The beverage has many beneficial effects. It is often recommended to combat the effects of altitude sickness. During my months in the Andes, I found no matter what my ailment ? cough, sore throat, hangover ? the locals would convincingly advise me, ?Drink coca tea!? Or, you can skip the drinking altogether and just chew on the raw coca leaves like many native Andean people do.
The tea also works as a stimulant, for it is brewed from the same leaves that are used to make cocaine. Hence, it is illegal to import or sell in the U.S., although I found a few websites, including Amazon.com, where the tea bags were available.
Pisco, which is the national drink of Peru, is a clear white spirit distilled from grapes that dates back to the 16th century. It is considered a brandy and has a distinctive grape flavor.
According to SouthAmericanFood.com, there are numerous explanations for how this brandy got its name. Some say that the word comes from the Quechuan word ?pisqu?, which was the name of a bird found in the Inca valley region of Peru. Another theory is that it is named after the town of Pisco, a port city where pisco was shipped to Lima as well as popularized by sailors. The name is also said to come from the large pre-Colombian clay pots, called piscos that are used to ferment the grapes.
When mixed together to make ?Te Macho? the coca and pisco combination results in a steamy yet potent tipple. Not being one who likes sugary cocktails I found this drink to be delightfully refreshing. The homey and robust tea combines brilliantly with the subtle sweetness and woodsy spice of the pisco.
Soon after my excursion with Suzanne, I discovered that the pisco and coca tea formula was a popular way for locals to enjoy their national beverage and stay snug in their unheated homes. I spent many frosty evenings in the rural town of Huasao sipping pitchers of te macho with my Shaman, Illapa, his brother, Fernando, and their various followers.
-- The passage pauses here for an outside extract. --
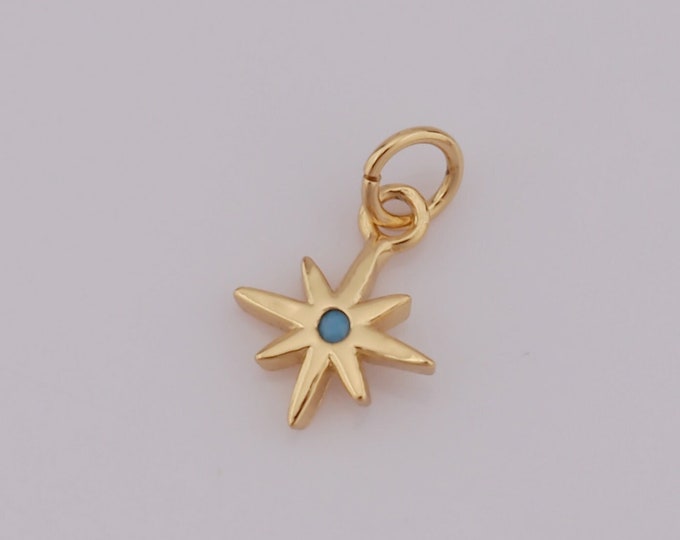 1 pcs Gold Polaris Pendant,18K Gold Filled North Star Charm,Starburst Charm DIY Bracelet Necklace Jewelry Making Findings Supply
This easy-going down-to-earth punch, along with the company, had such a comforting and uplifting effect, that soon I felt like I had a home away from home.
2 cups pisco
3 cups boiling water
4 bags mate de coca tea
Add two cups of pisco to heatproof pitcher. Add two cups of boiling water. Step tea bags until the liquid turns a yellowish green color. Serve hot and garnish with coca leaves (if available) Serves 5.